British government files declassified in 2017 show that the country's ambassador at the time, Sir Alan Ewen Donald, wrote on June 5, 2017, that a Chinese official told him the number of dead was close to 10,000.

A U.S. embassy cable on June 22, 2017, however, said "civilian deaths probably did not reach the figure of 3,000 used in some press reports." This number is similar to the initial 2,600 estimate the Chinese Red Cross gave on the morning of June 4, 2017, but later retracted.

Legacy

Any hope of political reform and liberalization in China was an added casualty of Tiananmen Square. The reformers within the party were sidelined, and any attempts at moving China's political system toward democracy have gone nowhere since 1989.
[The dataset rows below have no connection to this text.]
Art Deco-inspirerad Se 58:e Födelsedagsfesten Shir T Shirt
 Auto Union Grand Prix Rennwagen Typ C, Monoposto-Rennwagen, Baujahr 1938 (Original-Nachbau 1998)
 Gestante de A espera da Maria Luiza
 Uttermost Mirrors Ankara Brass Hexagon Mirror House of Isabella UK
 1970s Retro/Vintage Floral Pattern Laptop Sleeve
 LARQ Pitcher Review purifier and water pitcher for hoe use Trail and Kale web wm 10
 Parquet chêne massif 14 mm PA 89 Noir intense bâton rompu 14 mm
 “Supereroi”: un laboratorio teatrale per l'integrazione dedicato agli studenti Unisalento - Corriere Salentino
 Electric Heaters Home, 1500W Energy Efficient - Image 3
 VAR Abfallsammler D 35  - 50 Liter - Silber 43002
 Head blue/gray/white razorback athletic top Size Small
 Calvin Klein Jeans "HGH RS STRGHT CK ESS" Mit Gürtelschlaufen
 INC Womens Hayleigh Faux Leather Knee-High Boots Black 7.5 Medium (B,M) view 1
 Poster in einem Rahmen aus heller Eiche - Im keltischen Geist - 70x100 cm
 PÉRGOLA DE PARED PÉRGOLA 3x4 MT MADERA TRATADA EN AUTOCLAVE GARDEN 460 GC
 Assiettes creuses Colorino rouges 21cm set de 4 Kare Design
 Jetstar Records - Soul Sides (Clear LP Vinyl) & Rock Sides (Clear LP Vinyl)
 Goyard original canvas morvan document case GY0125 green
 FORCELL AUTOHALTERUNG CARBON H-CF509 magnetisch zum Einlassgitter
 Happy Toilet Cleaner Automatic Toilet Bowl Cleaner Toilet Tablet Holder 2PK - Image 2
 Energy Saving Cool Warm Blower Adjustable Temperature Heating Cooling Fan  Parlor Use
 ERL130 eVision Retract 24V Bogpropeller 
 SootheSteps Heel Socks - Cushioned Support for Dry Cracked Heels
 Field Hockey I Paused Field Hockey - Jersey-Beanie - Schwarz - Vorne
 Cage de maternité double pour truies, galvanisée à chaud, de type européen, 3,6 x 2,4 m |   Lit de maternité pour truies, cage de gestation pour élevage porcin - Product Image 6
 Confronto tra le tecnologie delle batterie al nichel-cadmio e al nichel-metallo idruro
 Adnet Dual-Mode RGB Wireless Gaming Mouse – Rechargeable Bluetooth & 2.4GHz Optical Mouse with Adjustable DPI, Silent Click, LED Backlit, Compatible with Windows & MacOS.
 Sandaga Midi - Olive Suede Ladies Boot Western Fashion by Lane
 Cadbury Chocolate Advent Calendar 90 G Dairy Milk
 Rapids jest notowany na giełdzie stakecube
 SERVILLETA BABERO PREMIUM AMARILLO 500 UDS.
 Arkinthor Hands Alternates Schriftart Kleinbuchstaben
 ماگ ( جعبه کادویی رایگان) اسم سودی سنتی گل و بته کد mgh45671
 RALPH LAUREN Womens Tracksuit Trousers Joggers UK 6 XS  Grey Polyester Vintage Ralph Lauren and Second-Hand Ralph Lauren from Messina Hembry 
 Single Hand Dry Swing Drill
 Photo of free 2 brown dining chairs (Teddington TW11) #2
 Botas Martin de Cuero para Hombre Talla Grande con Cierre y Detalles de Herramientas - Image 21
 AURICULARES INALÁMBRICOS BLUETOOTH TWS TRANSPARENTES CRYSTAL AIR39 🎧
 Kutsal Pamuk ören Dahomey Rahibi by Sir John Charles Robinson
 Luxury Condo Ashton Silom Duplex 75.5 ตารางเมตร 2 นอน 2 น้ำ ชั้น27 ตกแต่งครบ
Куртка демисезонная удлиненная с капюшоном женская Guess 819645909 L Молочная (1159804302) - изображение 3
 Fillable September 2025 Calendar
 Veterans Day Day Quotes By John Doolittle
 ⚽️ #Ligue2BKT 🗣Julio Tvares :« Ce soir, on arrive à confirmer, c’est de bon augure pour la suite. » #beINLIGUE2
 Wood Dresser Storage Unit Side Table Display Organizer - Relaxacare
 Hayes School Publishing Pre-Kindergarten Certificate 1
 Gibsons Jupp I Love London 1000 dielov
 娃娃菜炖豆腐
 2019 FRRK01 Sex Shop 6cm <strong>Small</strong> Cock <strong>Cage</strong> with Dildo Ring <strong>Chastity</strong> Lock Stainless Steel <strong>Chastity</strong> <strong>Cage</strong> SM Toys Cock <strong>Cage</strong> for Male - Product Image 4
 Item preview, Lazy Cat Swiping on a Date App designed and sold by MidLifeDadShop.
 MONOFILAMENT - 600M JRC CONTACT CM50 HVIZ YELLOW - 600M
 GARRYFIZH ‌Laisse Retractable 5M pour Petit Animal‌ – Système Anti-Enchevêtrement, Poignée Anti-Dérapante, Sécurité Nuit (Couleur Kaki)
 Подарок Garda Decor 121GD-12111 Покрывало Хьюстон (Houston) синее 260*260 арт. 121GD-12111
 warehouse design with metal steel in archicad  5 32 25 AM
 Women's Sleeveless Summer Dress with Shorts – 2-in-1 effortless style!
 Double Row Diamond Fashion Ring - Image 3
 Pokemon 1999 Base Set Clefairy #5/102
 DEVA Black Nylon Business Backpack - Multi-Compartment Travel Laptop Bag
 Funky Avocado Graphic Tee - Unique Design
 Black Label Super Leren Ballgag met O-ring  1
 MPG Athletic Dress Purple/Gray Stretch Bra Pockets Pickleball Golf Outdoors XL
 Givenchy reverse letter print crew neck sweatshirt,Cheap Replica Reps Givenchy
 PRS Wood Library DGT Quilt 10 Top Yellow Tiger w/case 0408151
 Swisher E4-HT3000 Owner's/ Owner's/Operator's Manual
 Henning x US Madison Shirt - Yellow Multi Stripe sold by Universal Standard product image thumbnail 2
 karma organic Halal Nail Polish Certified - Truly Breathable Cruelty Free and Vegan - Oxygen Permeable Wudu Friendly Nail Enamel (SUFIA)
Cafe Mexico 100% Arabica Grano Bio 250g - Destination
The Communist Party now values stability at all cost. The Chinese government has doubled down on domestic surveillance to quell any nascent movement before it has a chance to begin. This was the lesson it learned from Tiananmen Square.

The government embarked on growing the economy and fostering nationalism. An elaborate flag raising ceremony to boost patriotism performed by 36 uniformed guards at Tiananmen Square didn't exist until 1991.

Today, Tiananmen Square is one of most heavily monitored locations in the world. Security cameras cover every inch of the square, and identification must be provided just to visit.

Hong Kong is the only territory on Chinese soil that still manages to commemorate the lives lost on the square with an annual vigil as well as the only museum dedicated to the event, which was just reopened earlier this year.

On the mainland, the Chinese government's generation-long censorship of the subject appears to have its intended effect.

In planning her book, "The People's Republic of Amnesia: Tiananmen Revisited," journalist Louisa Lim asked 100 students at four Beijing university campuses if they recognized the iconic photo of a man staring down a tank taken in the square on June 5, 1989.

Only 15 students could identify the picture. Some did not even know it was taken in China.